Pour désherber il faut commencer par travailler

Dans la série des dictons agronomiques, je me permets de reprendre à ma sauce l’excellente formule de Philippe : Pour semer 2 fois, il faut commencer tôt.

Cette série de photos a été prise chez Philippe Lion, un des pionniers du semis direct en Touraine. Pour les implantations de tournesol, toujours délicates, il utilise un vieux semoir bricolé devant lequel ont été montés des éléments de herse alternative travaillant uniquement sur le rang. Cette outil réalise ce que l’on appelle du pré-traçage, comparable à un strip-till de surface. L’objectif est de dégager et de réchauffer le rang pour permettre un démarrage rapide de la culture.

Comme pour beaucoup de cultures de printemps cette année, les débuts ont été difficiles : froid et humidité ont pénalisé la vigueur de départ, ce qui a permis aux pigeons et corbeaux de se restaurer plus longtemps.

Le tournesol a été semé en bonnes conditions le 14 avril et a été désherbé à avec 1,65 L/ha de Racer et 1,65 L/ha de Novall. Devant les dégâts, la culture a été ressemée le 14 mai.

En date du 6 juin, on pouvait observer de fortes levées d’adventices mais seulement sur les bandes ayant été retravaillées avec les dents animées du semoir et aucune levée entre les rangs alors que le sol est resté nu.
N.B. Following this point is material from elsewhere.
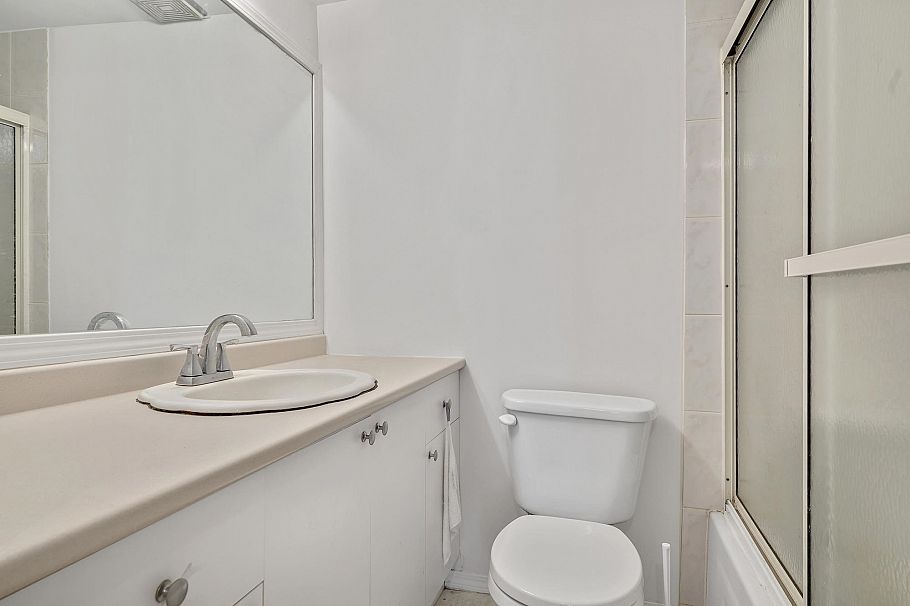 2336 45 Avenue Vancouver, BC - 31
Dans le rang central, la herse n’a pas touché le sol et il n’y a aucune levée.

Ces levées localisées à la zone travaillée sont liées à deux causes concomitantes :
- Le travail a détruit le film résiduaire laissé par la pulvérisation des herbicides et laisse donc " la porte ouverte " aux germinations ;
- Le travail a préparé un lit de semence et une minéralisation favorables aux adventices, levant ainsi leur dormance.

Cela confirme une fois de plus que plus on travaille, plus on minéralise et plus on salit. Il s’agit d’ailleurs là d’une malédiction agricole des plus répandue : si je travaille mon sol sur toute sa surface je devrais désherber toute la surface (chimiquement ou mécaniquement, ça marche aussi bien en conventionnel qu’en bio). Dans le même ordre d’idée : si je fertilise en plein, je devrais désherber en plein. Il est temps de passer à l’agriculture localisée.

La culture au 1er juillet sans rattrapage (photo : Philippe Lion).